What Are Fake ELF Section Headers?
| What Are Fake ELF Section Headers? | |
Ali Bahrami — Thursday November 01, 2007
I'd like to take a moment to explain an unusual feature we added to elfdump last summer. The -P option tells elfdump to ignore the section headers in the file (if any) and to instead generate a "fake" set from the program headers. So, what are fake section headers, and why would you want them?
Earlier this year, there was an "incident" in which a previously unknown hole in the Solaris telnet daemon was used by a worm. As soon as we got a copy of this worm, we tried to examine it with elfdump to see what we might learn:
% elfdump zoneadmd
ELF Header
ei_magic: { 0x7f, E, L, F }
ei_class: ELFCLASS32 ei_data: ELFDATA2LSB
e_machine: EM_386 e_version: EV_CURRENT
e_type: ET_EXEC
e_flags: 0
e_entry: 0x80512d4 e_ehsize: 52 e_shstrndx: 0
e_shoff: 0 e_shentsize: 0 e_shnum: 0
e_phoff: 0x34 e_phentsize: 32 e_phnum: 5
Program Header[0]:
p_vaddr: 0x8050034 p_flags: [ PF_X PF_R ]
p_paddr: 0 p_type: [ PT_PHDR ]
p_filesz: 0xa0 p_memsz: 0xa0
p_offset: 0x34 p_align: 0
Program Header[1]:
p_vaddr: 0 p_flags: [ PF_R ]
p_paddr: 0 p_type: [ PT_INTERP ]
p_filesz: 0x11 p_memsz: 0
p_offset: 0xd4 p_align: 0
Program Header[2]:
p_vaddr: 0x8050000 p_flags: [ PF_X PF_R ]
p_paddr: 0 p_type: [ PT_LOAD ]
p_filesz: 0x6491 p_memsz: 0x6491
p_offset: 0 p_align: 0x10000
Program Header[3]:
p_vaddr: 0x8066494 p_flags: [ PF_X PF_W PF_R ]
p_paddr: 0 p_type: [ PT_LOAD ]
p_filesz: 0x3e0 p_memsz: 0xc10
p_offset: 0x6494 p_align: 0x10000
Program Header[4]:
p_vaddr: 0x80665c4 p_flags: [ PF_X PF_W PF_R ]

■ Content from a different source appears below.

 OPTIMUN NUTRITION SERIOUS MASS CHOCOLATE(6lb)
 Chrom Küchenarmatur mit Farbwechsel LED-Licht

p_paddr: 0 p_type: [ PT_DYNAMIC ]
p_filesz: 0xd8 p_memsz: 0
p_offset: 0x65c4 p_align: 0
If you look at the ELF header, you'll see that our bad guy has set the e_shnum, e_shoff, and e_shentsize fields to zero. These fields are used to locate the section headers for an ELF object. The section headers in turn contain the information needed to look deeper into an object. Section headers are not used to run a program, only to examine it. Zeroing them is a crude, but effective way to obscure what's inside. ELF objects are just files after all, and anyone with write access can modify them. It's not unheard of to modify an ELF object using a binary capable editor like emacs.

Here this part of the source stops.